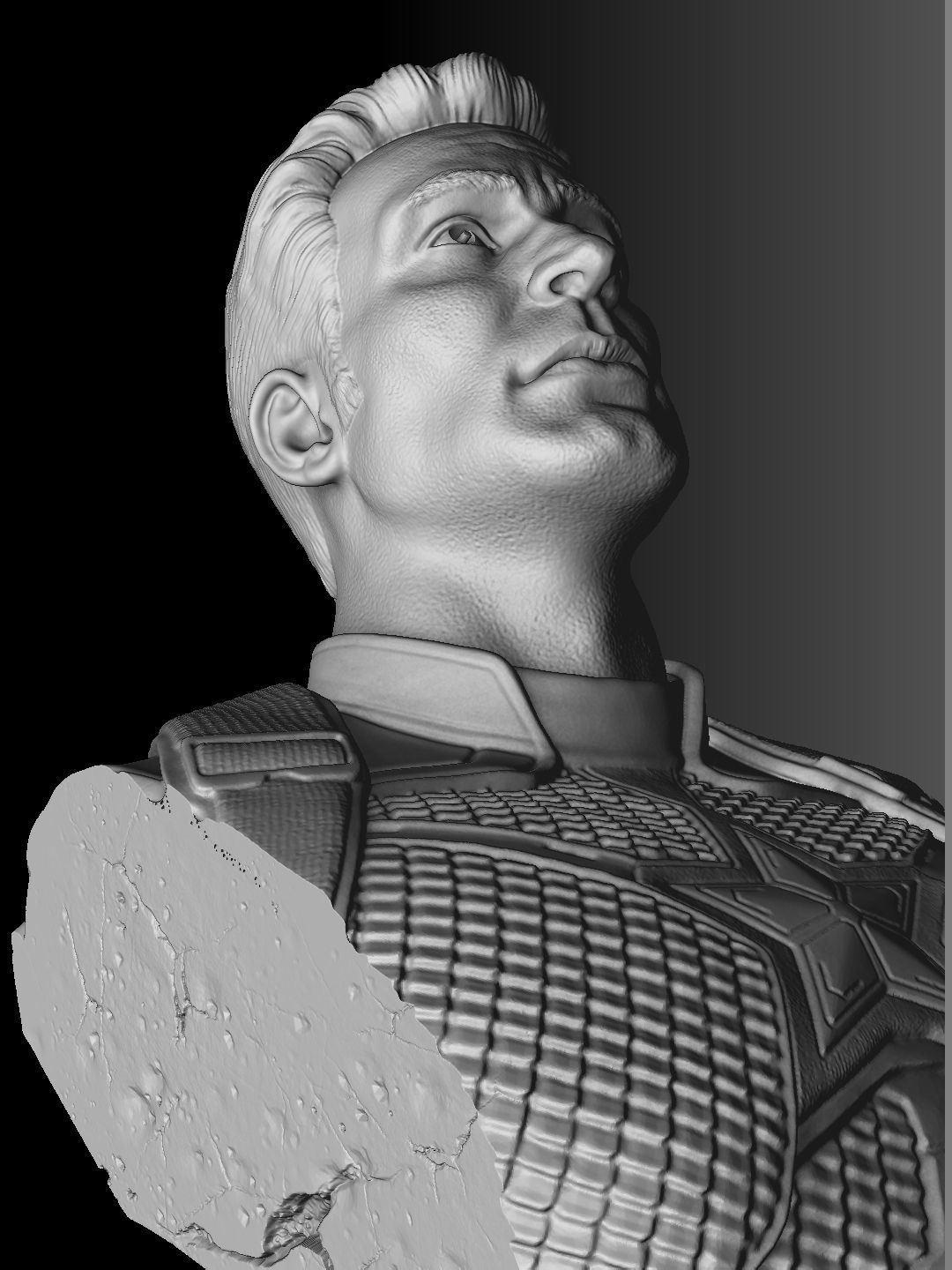 Captain America Steve Rogers STL for 3Dprint 3D print model_7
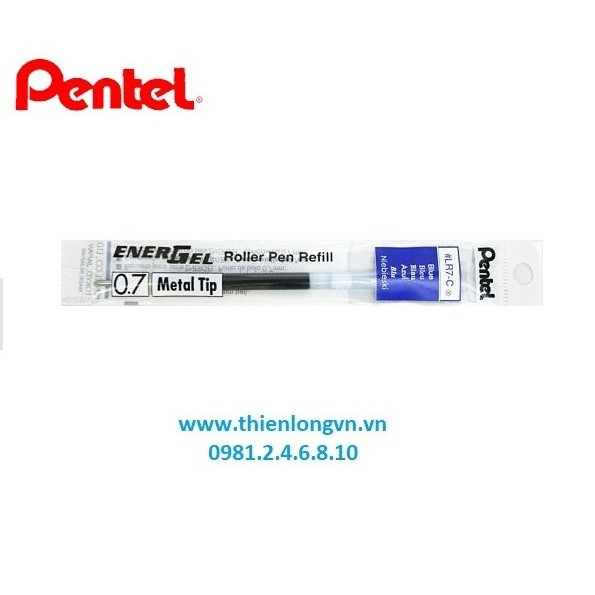 Combo 5 Ruột bút nước energel Pentel LR7 màu xanh 0.7mm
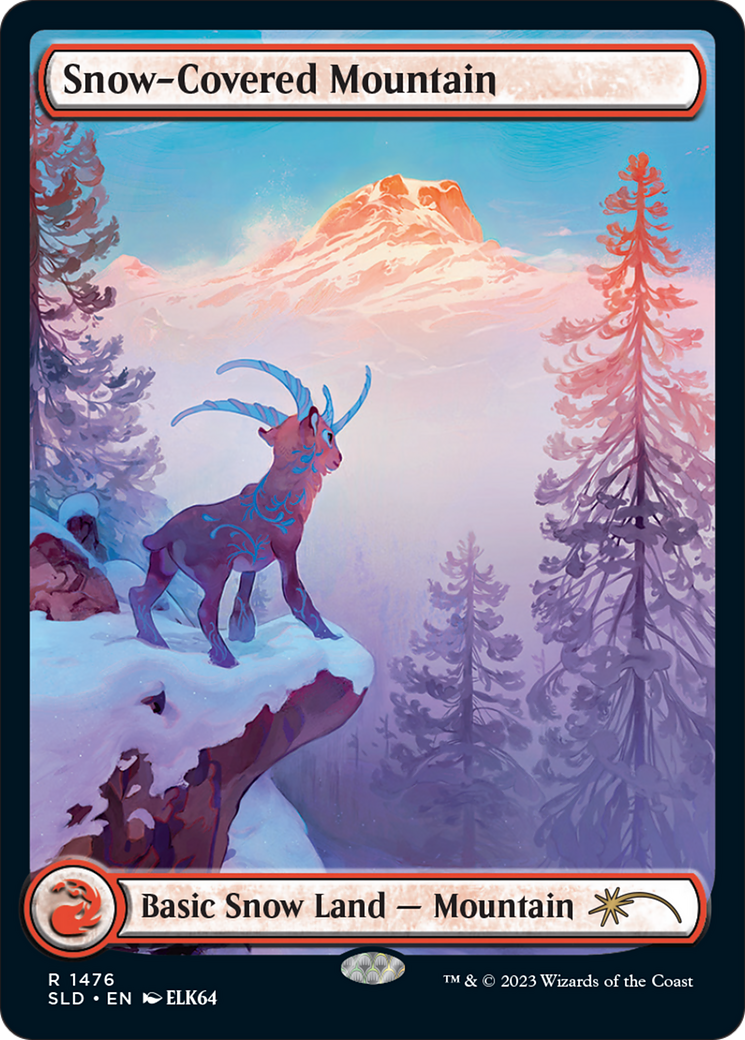 Snow-Covered Mountain (1476) [Secret Lair Drop Series] | Good Games North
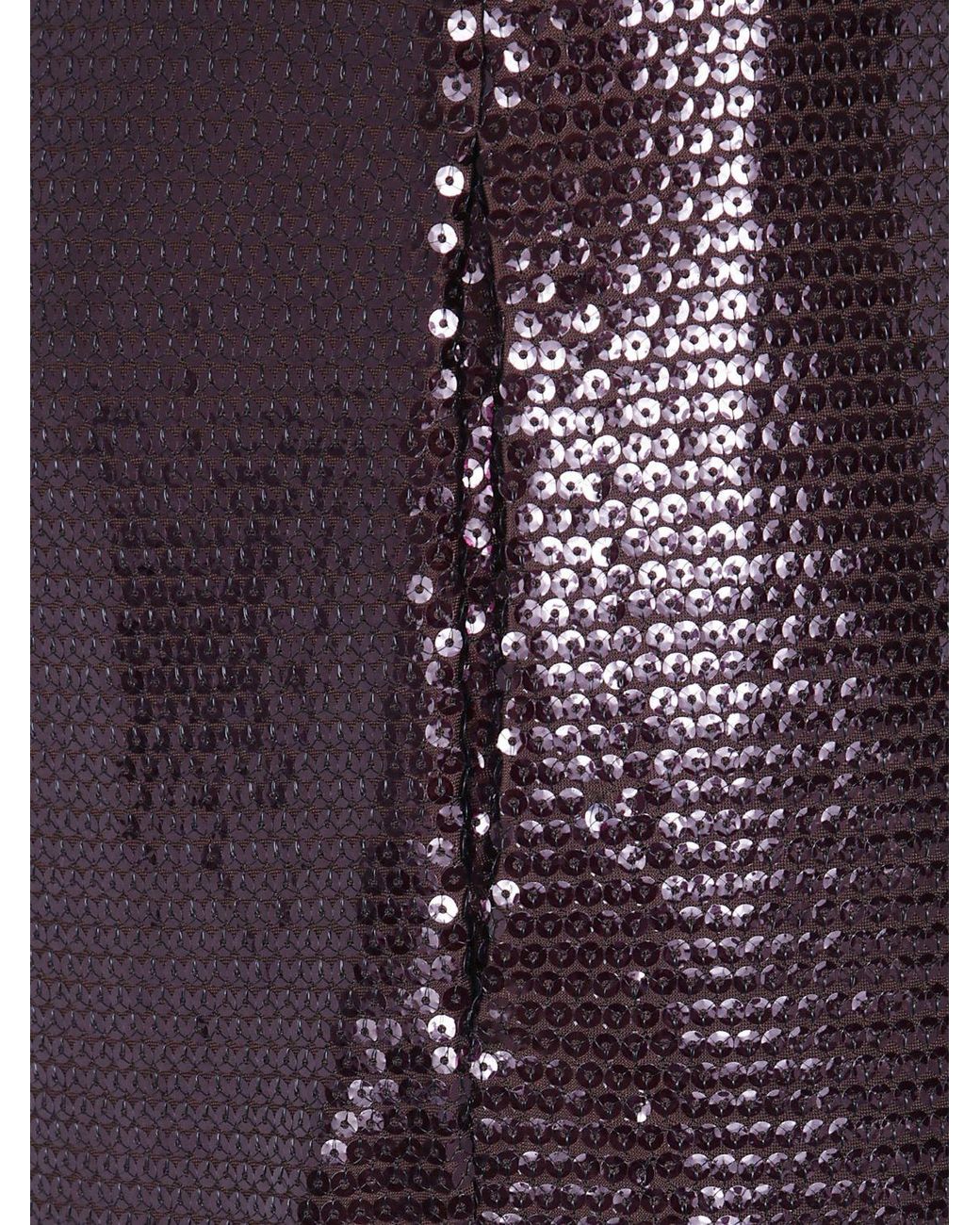 Alberta Ferretti Purple High-Waisted Palazzo Trousers With Rhinestone Details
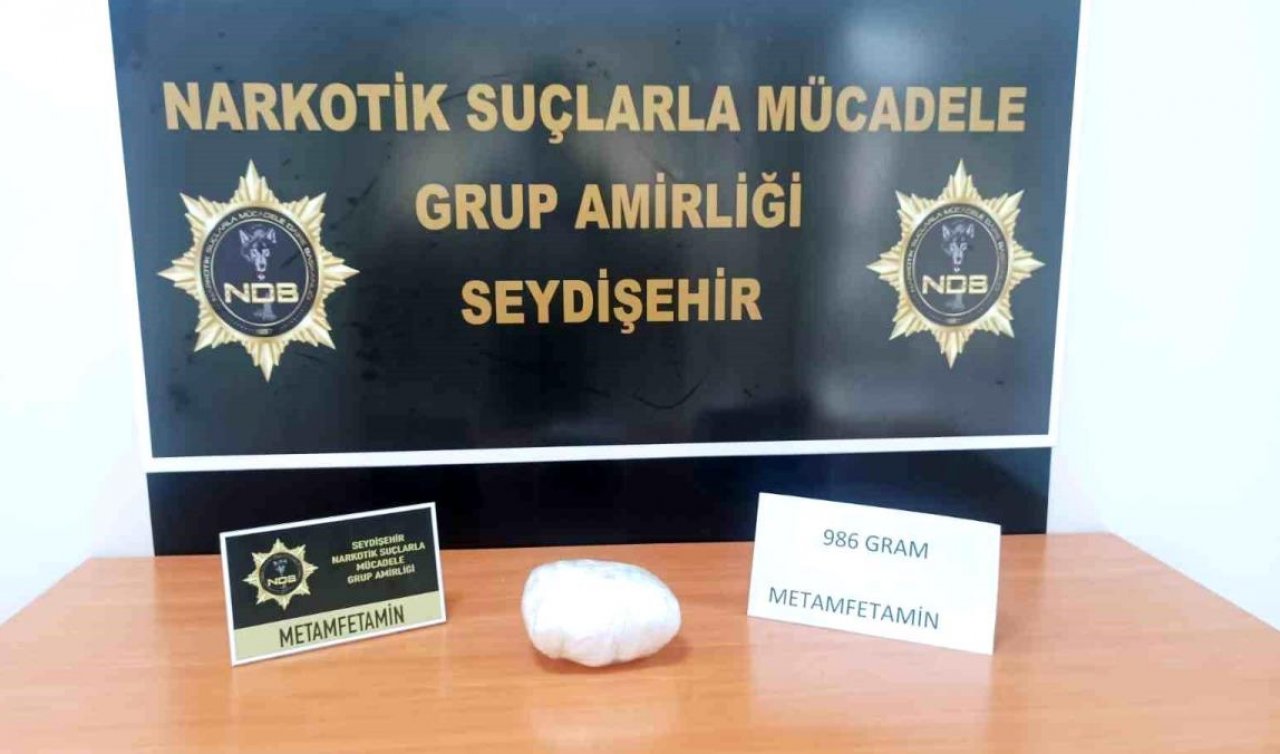 Konya’da 1 kg uyuşturucu ele geçirildi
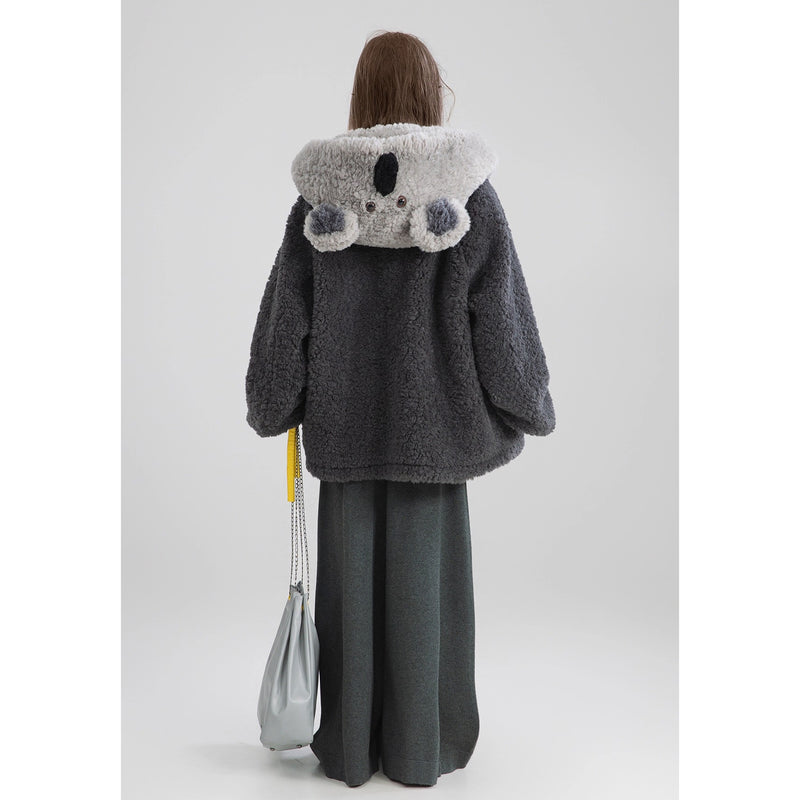 コアラさんのボアジャケット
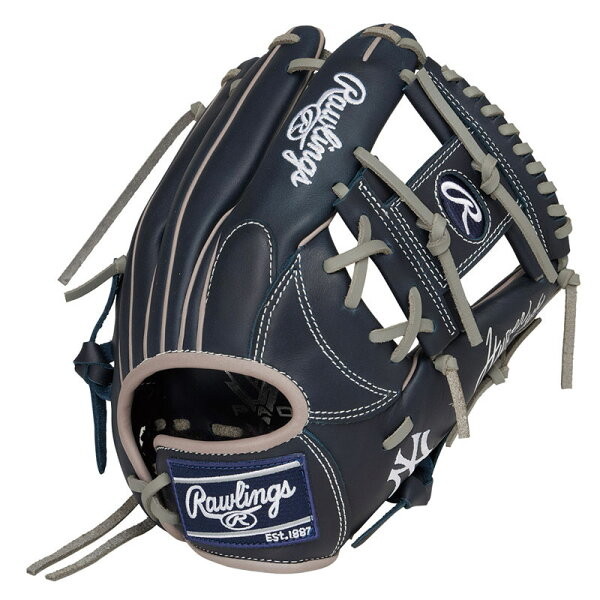 Rawlings ローリングス JR.ハイパーテック MLB N6L NYY GJ5HTMN6L-NYY 少年軟式グラブ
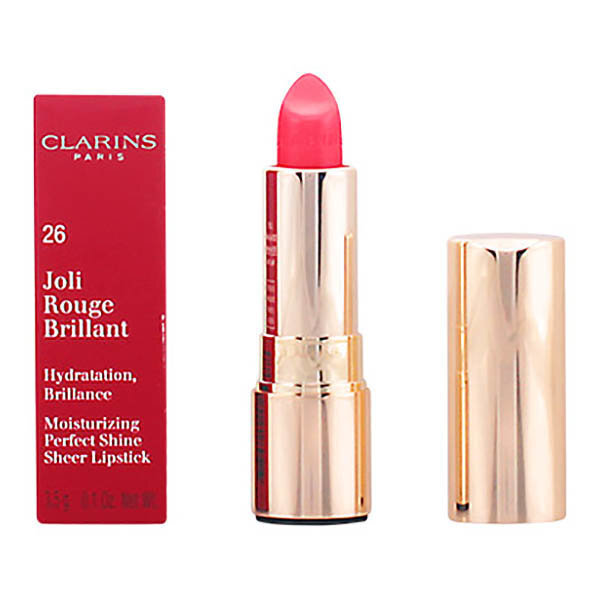 Huulipuna Clarins Joli Rouge Brillant, nro 26 hibiscus hinta ja tiedot | Huulipunat, huulikiillot ja huulirasvat | hobbyhall.fi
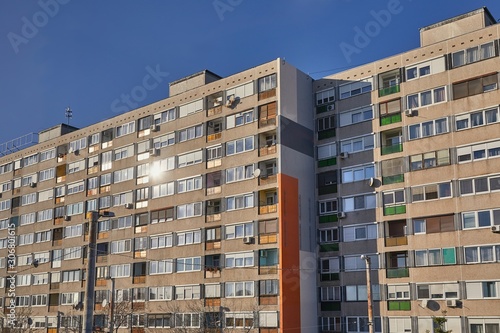 Photography Residential building block with many flats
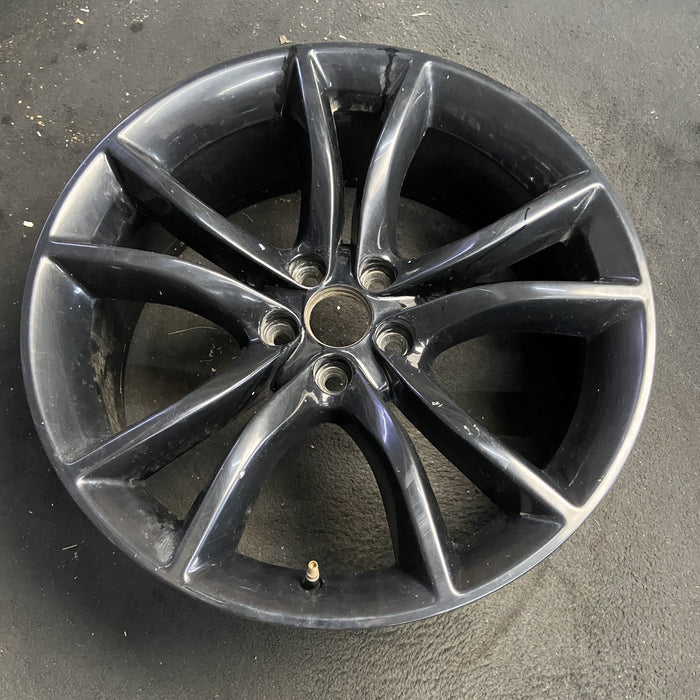 20" CHALLENGER 16-17 20x8 , 5 V spoke, Original OEM Wheel Rim - View 7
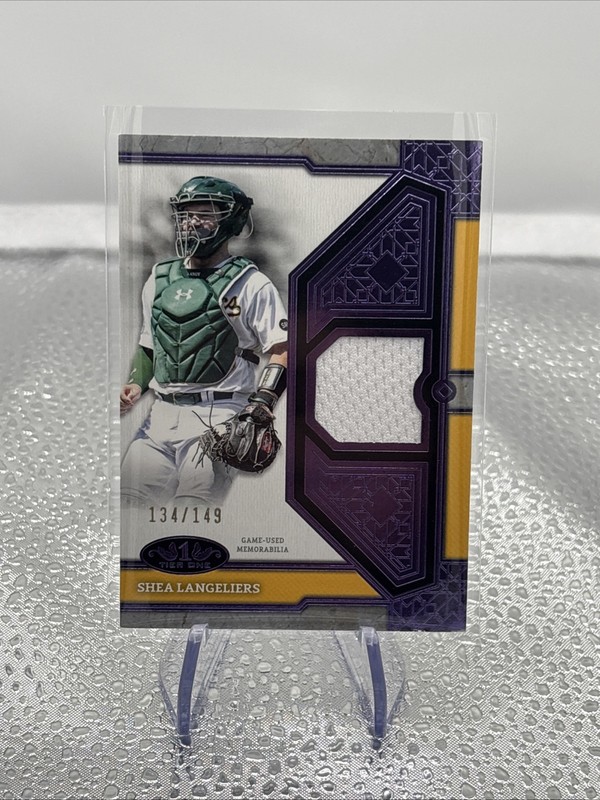 2024 Topps Tier One – Tier One Relics Shea Langeliers #T1R-SL Purple Foil /149
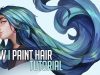 Digital Painting Tutorial How I paint hair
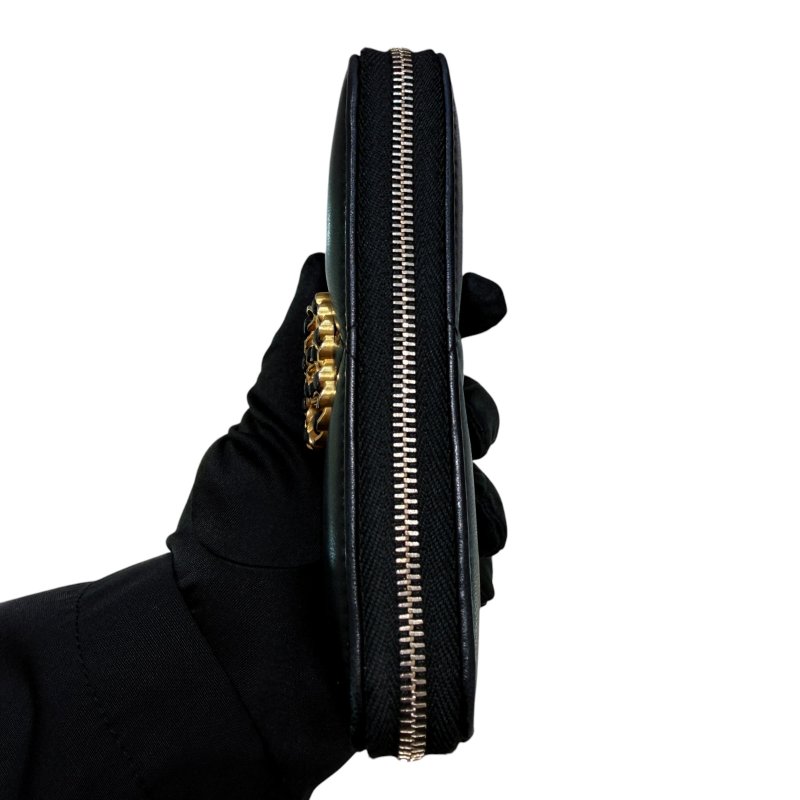 CHANEL 香奈兒 AP0948 CHANEL19系列 Zipper Medium Wallet 羊皮 中夾 黑色 金釦-5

EXERCISE GOAL — Set down the records above word for word, from the first line through the line containing "Konya’da 1 kg uyuşturucu ele geçirildi", both included; leave out the pictures.

PROBLEM SOLUTION —
 Captain America Steve Rogers STL for 3Dprint 3D print model_7
 Combo 5 Ruột bút nước energel Pentel LR7 màu xanh 0.7mm
 Snow-Covered Mountain (1476) [Secret Lair Drop Series] | Good Games North
 Alberta Ferretti Purple High-Waisted Palazzo Trousers With Rhinestone Details
 Konya’da 1 kg uyuşturucu ele geçirildi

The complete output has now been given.